Grace, mercy and peace be unto you from God our Father and from our Lord and Savior, Jesus Christ.  AMEN!  Our text for this morning’s sermon is taken from St. John’s gospel account the 12th chapter (John 12:12-19).


Beloved in the Lord,

The whole world chases after power.  The Pharisees know this.  The Pharisees echo this.  “You see that you are accomplishing nothing.  Look!   The world has gone after him.”  The crowds are after Jesus.  Jesus does signs.  Lazarus is back from the dead.  Thousands are fed with little bread and a few fish.  The blind are made to see.  Water becomes wine.  “No one can do these signs unless God were with Him.”  Jesus does signs.  Jesus must have God with Him.  With God is power, so the crowds go after Jesus because Humanity chases after power.

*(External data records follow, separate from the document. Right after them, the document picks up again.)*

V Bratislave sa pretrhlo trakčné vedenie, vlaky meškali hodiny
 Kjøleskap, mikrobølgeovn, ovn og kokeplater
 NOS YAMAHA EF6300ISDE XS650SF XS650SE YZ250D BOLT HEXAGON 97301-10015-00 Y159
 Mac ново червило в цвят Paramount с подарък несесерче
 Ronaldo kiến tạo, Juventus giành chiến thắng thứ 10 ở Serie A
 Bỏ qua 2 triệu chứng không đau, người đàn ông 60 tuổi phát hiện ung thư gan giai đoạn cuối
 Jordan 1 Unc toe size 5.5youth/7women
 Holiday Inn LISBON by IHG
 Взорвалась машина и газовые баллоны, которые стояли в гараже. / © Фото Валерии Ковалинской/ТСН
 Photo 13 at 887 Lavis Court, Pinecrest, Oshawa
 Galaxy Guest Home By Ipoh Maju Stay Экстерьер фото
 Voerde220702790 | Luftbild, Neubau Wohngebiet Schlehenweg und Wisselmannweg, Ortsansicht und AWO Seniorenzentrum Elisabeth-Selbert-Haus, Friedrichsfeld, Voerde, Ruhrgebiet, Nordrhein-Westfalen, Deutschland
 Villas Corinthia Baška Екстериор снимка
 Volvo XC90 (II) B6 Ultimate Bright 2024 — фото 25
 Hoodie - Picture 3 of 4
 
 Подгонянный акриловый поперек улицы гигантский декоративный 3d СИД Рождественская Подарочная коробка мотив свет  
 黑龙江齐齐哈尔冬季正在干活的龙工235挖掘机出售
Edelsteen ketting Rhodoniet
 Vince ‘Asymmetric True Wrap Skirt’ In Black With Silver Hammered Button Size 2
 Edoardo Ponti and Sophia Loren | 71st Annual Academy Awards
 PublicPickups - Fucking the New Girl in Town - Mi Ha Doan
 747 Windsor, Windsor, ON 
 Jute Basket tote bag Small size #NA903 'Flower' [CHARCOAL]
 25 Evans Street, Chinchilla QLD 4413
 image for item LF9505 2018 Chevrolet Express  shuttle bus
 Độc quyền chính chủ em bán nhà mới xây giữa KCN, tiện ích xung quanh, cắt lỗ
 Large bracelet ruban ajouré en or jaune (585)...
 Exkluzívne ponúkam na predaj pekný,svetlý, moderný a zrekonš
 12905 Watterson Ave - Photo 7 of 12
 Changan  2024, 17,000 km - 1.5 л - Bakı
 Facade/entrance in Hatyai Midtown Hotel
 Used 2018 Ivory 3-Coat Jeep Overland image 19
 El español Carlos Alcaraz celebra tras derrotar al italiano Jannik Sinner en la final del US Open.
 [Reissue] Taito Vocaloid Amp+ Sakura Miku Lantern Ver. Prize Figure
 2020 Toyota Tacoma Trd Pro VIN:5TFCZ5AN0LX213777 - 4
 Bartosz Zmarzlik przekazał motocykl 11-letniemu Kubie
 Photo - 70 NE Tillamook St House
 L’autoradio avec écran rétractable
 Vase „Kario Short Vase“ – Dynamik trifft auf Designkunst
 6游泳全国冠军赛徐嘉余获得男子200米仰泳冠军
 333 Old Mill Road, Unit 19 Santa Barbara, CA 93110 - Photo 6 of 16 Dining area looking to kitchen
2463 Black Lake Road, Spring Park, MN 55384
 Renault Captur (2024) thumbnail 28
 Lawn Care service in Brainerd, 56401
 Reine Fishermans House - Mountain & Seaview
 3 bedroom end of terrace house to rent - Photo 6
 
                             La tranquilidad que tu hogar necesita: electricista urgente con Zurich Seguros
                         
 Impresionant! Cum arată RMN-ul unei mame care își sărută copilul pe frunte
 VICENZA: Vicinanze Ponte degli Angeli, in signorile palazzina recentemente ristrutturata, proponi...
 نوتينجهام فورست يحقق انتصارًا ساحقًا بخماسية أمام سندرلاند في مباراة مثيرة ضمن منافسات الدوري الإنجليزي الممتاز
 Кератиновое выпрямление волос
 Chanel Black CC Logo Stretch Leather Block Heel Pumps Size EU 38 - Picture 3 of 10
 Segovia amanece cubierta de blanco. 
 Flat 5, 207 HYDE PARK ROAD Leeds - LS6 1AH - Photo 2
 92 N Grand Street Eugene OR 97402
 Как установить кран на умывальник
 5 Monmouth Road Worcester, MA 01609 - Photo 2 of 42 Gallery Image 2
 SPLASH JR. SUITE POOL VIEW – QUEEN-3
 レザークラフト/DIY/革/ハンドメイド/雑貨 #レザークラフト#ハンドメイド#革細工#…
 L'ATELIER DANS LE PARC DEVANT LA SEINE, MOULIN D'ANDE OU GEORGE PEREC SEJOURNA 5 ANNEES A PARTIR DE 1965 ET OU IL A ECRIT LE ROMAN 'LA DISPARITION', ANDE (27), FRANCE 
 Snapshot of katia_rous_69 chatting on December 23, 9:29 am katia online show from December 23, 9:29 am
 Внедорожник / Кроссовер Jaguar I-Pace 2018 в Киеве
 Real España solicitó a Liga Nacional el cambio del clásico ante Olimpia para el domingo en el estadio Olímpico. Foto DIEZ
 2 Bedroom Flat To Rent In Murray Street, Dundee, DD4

But the pursuit of power is downfall of humanity.  For in coveting strength man lusts to be His own God, to be free from the LORD, free to know and decide right and wrong, good and evil, life and death.  The crowds see in Jesus one who does great things, says great things, and promises great things. They see a free man, a son of David, one who can – they hope – ascend the throne in Jerusalem and be for them king.  The throne is the seat of power.  The king sits on his throne and wields his authority.

Thus the crowds gather about from all around Jerusalem.  They are there to choose their Lamb. Passover is upon them.  There is much fervor.  The energy is high.  Expectations are great.  The Lord once delivered Israel at the feast.  At the feast He shall deliver Israel once more.  Seeing Jesus, the crowds expectations begin to be met.  Who else but a Son of David could be king?  Who else but a doer of signs, a worker of wonders, deliver the Nation from their oppression?  Power must defeat power.  Jesus has come to do just that – so the crowds think.  And so the crowds sing.  “Hosanna! Blessed is He who comes in the Name of the Lord, even the King of Israel.”

But Jesus is not come to be such a King.  All authority in heaven and earth will be given to Him but He is not processing into Zion to flex his proverbial muscle.  No, beloved!  Jesus comes to surrender.  Humanity chases after power!  Power gets things done.  Power conquers!  Power defeats opponents!  Power wins the day!  Authority exercises Power!  Kings have power!  Jesus is King.  And He surrenders?  What can be accomplished through surrender?  What can be won by losing?  How does life rise from death?

These questions are not exclusive to the crowds, or the Jews, or even unbelievers.  The heart of humanity is drunk with humanity’s omnicompetence, our all powerful ability to accomplish anything we want.  We believe we can do more than we really can!  Bingeing on our brokenness we belly up to whoever will stroke our egos, encourage our self-esteem, and pour into our hearts the praises of men. Thus when it comes to God we expect the same from Him and for Him.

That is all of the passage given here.